Et mes autres, compagnons de bancs, rien ne nous mettra au ban.
Nous voilà tous unis indéfectiblement dans l’ignominie de l’injustice, qui ne prend même pas la peine de faire semblant, qui ne s’embarrasse même plus des apparences. Elle ne se travestit plus, elle assume n’être que la chambre d’enregistrement d’un plan qui n’a tellement pas de cohérence qu’il ne peut être que le fruit d’humeurs incohérentes. Et c’est ainsi que le niveau zéro de la justice, le fondement cortiqué de tout rapport humain, nous parlons du principe du contradictoire, n’a même pas été envisagé.

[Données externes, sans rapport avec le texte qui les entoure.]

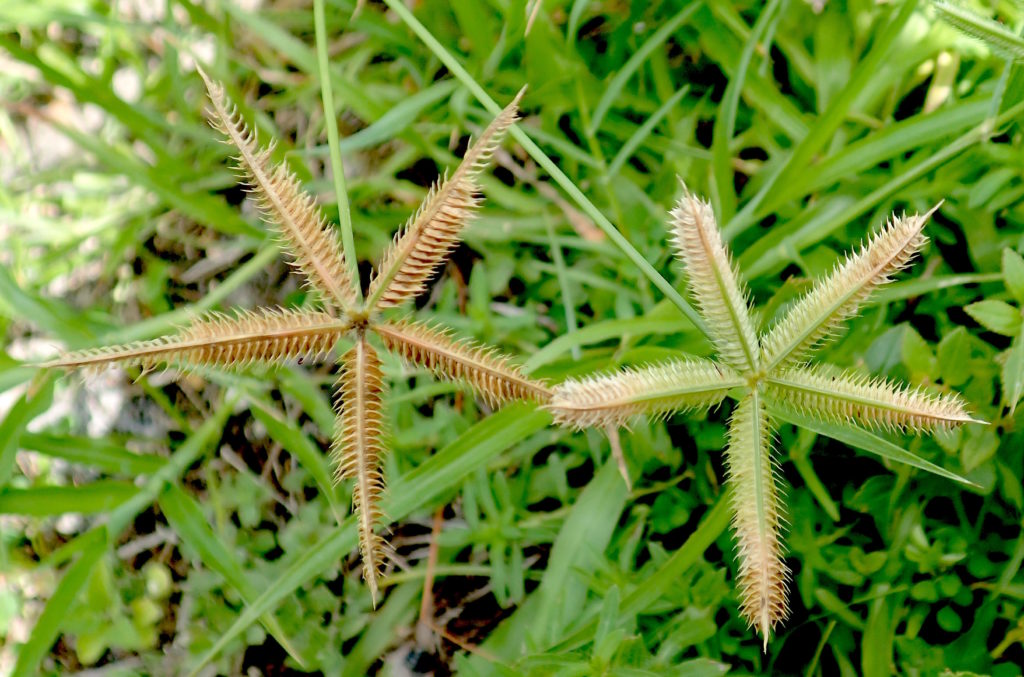 Non-native Crow-Foot grass is easy to identify. Photo by Green Deane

Je n’ai pas de mots encore, mais des sentiments beaucoup. Et quelques notions. Dont celle de la souveraineté d’un état. Et l’antiquité nous apprend qu’elle est constitutive d’une nation, de son droit et des ses frontières. Et quand on perd son droit, celui qui appartient à chacun, sans distinction aucune, alors on perd sa souveraineté. Et celui qui le confisque c’est donc la souveraineté qu’il assassine.
Je n’ai pas de mots encore. Mais un amour. Infini. Pour ma Tunsisie. Qui m’a vu naître, qui me voit grandir et qui me verra mourir. Qui m’a drapé dans son Histoire, qui m’a couvé de sa culture, qui m’a accompagné par sa force, qui m’a fait de son peuple, qui m’a offert d’y appartenir. Cette Tunisie qui a donné corps au mot fierté, substance à celui de patrie, sens à mes origines.
Je n’ai pas de mots encore. Mais beaucoup d’énergie et notamment celle de me battre. Contre personne, mais pour la Tunisie.
Je n’ai pas de mots encore. Mais ça va venir. Le temps de dompter les maux.